*Aim of the exercise*
The answer must reproduce every record exactly, with all pictures omitted.

*Data for review*

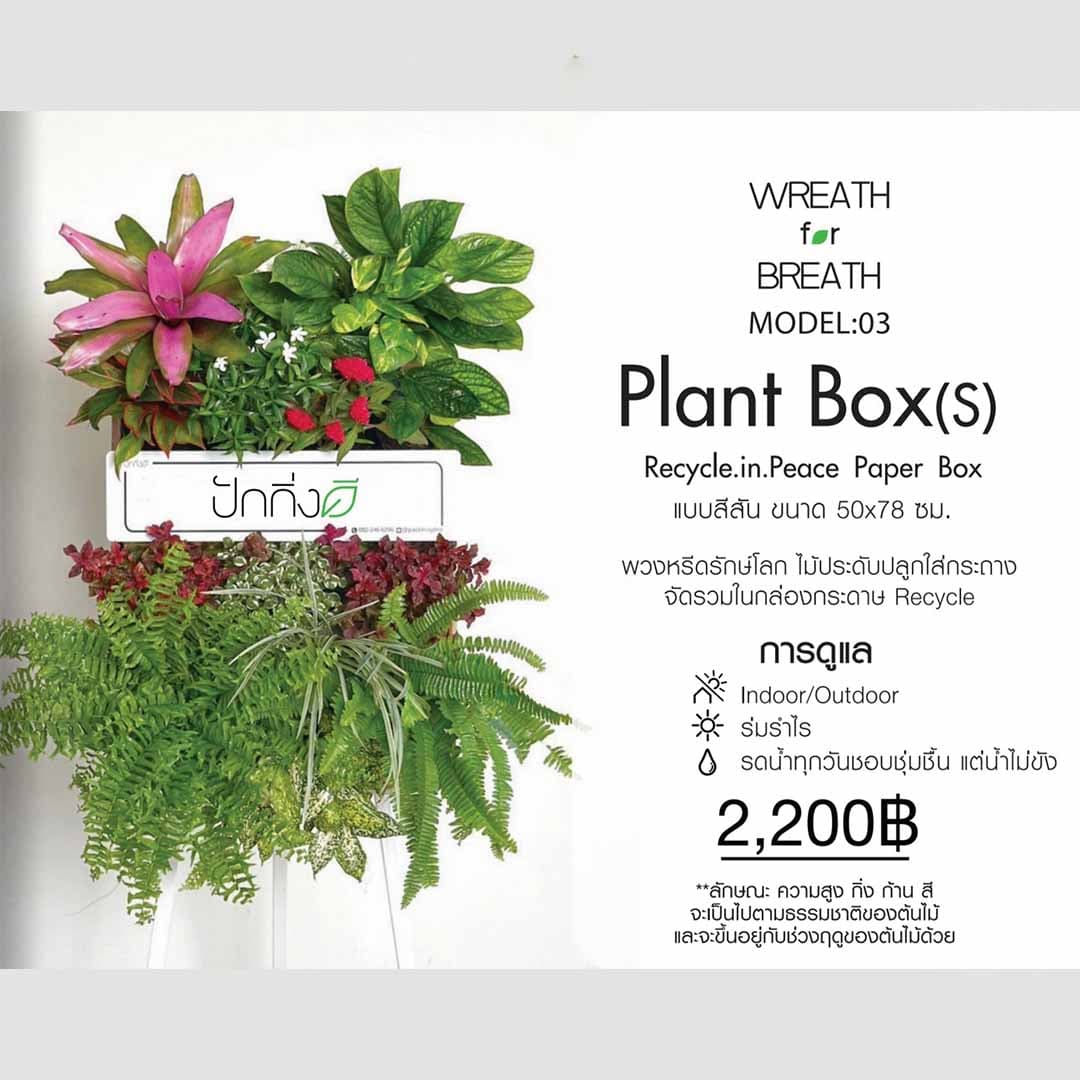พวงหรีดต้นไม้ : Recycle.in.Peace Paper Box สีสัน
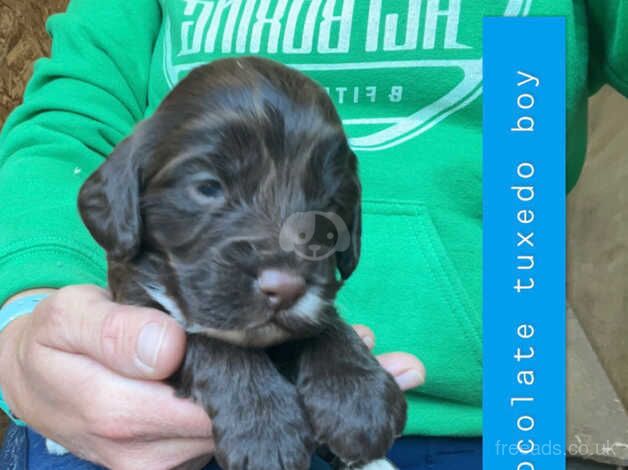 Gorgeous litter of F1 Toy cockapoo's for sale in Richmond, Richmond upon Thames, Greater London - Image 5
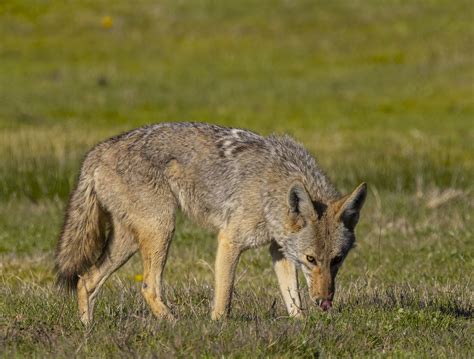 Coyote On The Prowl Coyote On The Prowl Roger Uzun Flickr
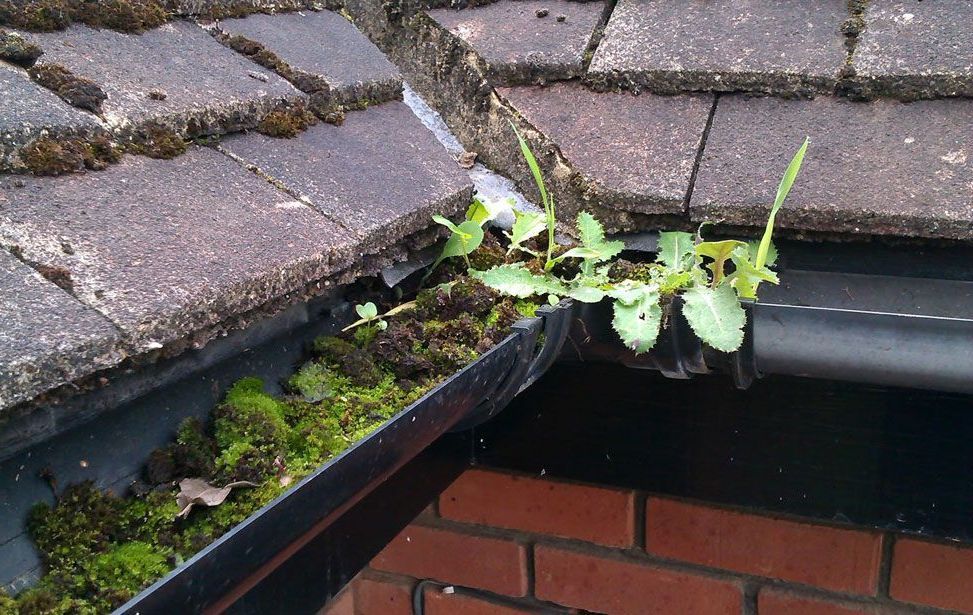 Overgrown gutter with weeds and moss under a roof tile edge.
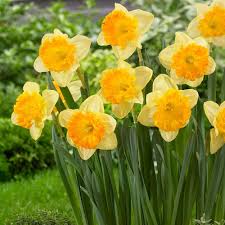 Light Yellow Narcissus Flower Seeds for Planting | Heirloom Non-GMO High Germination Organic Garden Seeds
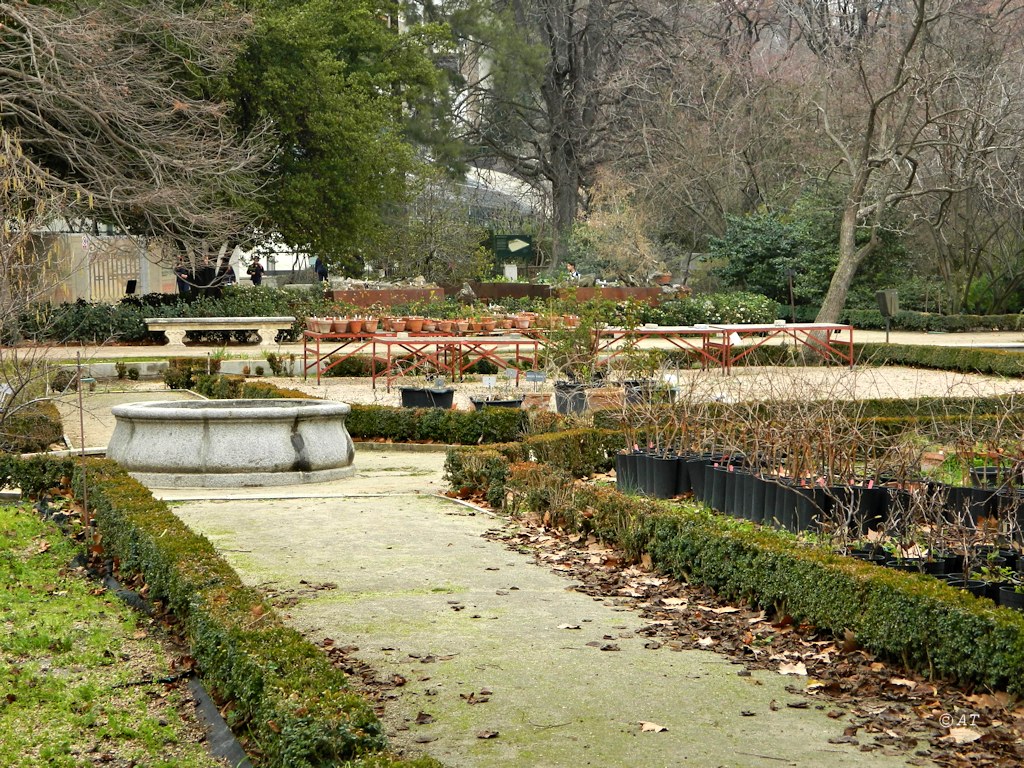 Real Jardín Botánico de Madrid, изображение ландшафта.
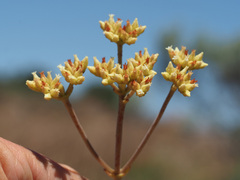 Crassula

*Response to this task*
พวงหรีดต้นไม้ : Recycle.in.Peace Paper Box สีสัน
 Gorgeous litter of F1 Toy cockapoo's for sale in Richmond, Richmond upon Thames, Greater London - Image 5
 Coyote On The Prowl Coyote On The Prowl Roger Uzun Flickr
 Overgrown gutter with weeds and moss under a roof tile edge.
 Light Yellow Narcissus Flower Seeds for Planting | Heirloom Non-GMO High Germination Organic Garden Seeds
 Real Jardín Botánico de Madrid, изображение ландшафта.
 Crassula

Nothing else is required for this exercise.